福岡と東京で合わせて10年近くリハビリの現場で働いてきましたが、当時からリハビリは1つの手段であり、目的は高齢者のQOL(生活の質)を引き上げることだという思いがありましたね。今もそれは変わっていません。本人が望んでいることを実現する。そのお手伝いを今はリハブの事業でしているつもりですが、当時は作業療法士として直接お年寄りと向き合っていました。
―― 働く環境として、介護現場はどのようなところでしたか?
多いときは40人ほどの高齢者に対してリハビリをしていました。昼は高齢者の対応をして、夜は会議、山のような書類づくりに追われるので時間が全然足りません。現場の仲間もみんな頑張っていました。大変ではあるのですが、やりがいも大きいので「目の前の利用者のために頑張りたい」という空気があって、すごく前向きな環境でしたね。だからこそ悩んでしまったんです。もっと効率よくより多くの高齢者の方を支える方法はないものなのか…?そんな思いが次第に強くなっていった結果、まずは経営を学ぶために東京の大学院へ行くことを決意します。2012年なので26歳くらいのときですね。

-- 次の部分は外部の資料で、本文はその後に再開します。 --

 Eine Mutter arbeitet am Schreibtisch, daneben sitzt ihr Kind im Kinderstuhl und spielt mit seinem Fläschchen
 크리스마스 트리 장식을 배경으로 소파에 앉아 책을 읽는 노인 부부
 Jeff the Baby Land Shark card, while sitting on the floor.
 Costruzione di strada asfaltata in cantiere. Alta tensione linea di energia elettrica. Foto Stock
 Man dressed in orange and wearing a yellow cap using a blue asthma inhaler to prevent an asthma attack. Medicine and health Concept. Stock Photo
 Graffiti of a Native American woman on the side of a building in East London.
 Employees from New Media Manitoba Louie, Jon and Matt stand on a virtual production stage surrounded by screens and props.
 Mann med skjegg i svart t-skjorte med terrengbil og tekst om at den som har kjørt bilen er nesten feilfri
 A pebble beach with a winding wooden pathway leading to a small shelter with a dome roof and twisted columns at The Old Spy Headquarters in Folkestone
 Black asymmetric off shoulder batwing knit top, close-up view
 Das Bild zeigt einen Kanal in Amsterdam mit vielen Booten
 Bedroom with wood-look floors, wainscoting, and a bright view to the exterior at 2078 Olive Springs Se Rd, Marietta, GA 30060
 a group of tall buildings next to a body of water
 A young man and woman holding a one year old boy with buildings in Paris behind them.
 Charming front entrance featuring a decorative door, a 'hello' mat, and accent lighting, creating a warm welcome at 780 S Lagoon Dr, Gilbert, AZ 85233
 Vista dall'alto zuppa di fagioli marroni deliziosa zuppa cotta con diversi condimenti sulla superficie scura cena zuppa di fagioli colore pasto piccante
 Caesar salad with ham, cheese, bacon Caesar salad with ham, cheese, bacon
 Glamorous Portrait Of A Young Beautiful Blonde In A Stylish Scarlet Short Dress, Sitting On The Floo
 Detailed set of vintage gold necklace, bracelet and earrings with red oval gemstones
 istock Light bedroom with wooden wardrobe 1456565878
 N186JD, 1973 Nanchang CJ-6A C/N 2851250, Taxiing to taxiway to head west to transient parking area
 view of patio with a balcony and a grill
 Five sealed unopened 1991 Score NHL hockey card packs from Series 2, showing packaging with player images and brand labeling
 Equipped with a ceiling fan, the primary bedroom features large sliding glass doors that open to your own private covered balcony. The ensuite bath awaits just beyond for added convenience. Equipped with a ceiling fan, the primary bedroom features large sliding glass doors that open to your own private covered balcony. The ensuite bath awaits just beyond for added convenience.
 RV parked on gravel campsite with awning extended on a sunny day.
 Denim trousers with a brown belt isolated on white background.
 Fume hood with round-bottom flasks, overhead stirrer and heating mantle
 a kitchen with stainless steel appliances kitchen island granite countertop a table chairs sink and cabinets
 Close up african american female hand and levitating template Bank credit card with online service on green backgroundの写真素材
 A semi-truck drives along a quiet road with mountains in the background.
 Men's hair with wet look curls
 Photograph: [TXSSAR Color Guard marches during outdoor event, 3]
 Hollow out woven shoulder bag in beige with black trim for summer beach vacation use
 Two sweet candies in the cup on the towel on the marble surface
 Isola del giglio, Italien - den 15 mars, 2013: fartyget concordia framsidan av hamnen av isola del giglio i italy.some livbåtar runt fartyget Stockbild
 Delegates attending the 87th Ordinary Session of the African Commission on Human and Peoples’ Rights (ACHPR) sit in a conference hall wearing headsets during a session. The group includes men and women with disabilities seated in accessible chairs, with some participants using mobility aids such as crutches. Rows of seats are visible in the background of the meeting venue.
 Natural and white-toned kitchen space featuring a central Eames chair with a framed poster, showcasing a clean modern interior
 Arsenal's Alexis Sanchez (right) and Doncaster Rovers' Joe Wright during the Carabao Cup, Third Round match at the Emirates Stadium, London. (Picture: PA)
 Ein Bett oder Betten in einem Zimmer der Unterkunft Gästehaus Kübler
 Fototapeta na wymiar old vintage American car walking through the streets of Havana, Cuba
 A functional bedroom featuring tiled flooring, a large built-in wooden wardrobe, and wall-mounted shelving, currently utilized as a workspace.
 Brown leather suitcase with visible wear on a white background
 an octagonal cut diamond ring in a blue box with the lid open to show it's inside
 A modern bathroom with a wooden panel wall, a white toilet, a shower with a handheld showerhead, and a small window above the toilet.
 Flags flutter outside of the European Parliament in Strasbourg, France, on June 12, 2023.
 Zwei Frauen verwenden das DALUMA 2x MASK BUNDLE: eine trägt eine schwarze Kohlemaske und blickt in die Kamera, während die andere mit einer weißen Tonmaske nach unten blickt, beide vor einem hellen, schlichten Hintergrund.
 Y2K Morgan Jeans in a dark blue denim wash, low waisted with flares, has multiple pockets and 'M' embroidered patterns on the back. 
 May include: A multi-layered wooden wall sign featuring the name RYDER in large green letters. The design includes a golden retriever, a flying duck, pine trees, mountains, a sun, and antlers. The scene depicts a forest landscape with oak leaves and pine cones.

―― 転職してまで大学院へ行かないといけない理由があったのですか? ほかに学ぶ術もありそうですが…。
同じことを今の妻(当時は結婚してなかったのですが)にも言われましたね(笑)。経営なら社長に教えてもらえないの?って。超正論です。実を言うとその社長というのが、作業療法士出身で尊敬できる人でした。その方にお願いすればきっと教わることができたとも思うのですが、若気の至りというか、探求心もあったし根拠のない自信もあって、会社を辞めて東京に行くという思いを伝えたんです。結局、社長も妻も背中を押してくれて、単身上京することになりました。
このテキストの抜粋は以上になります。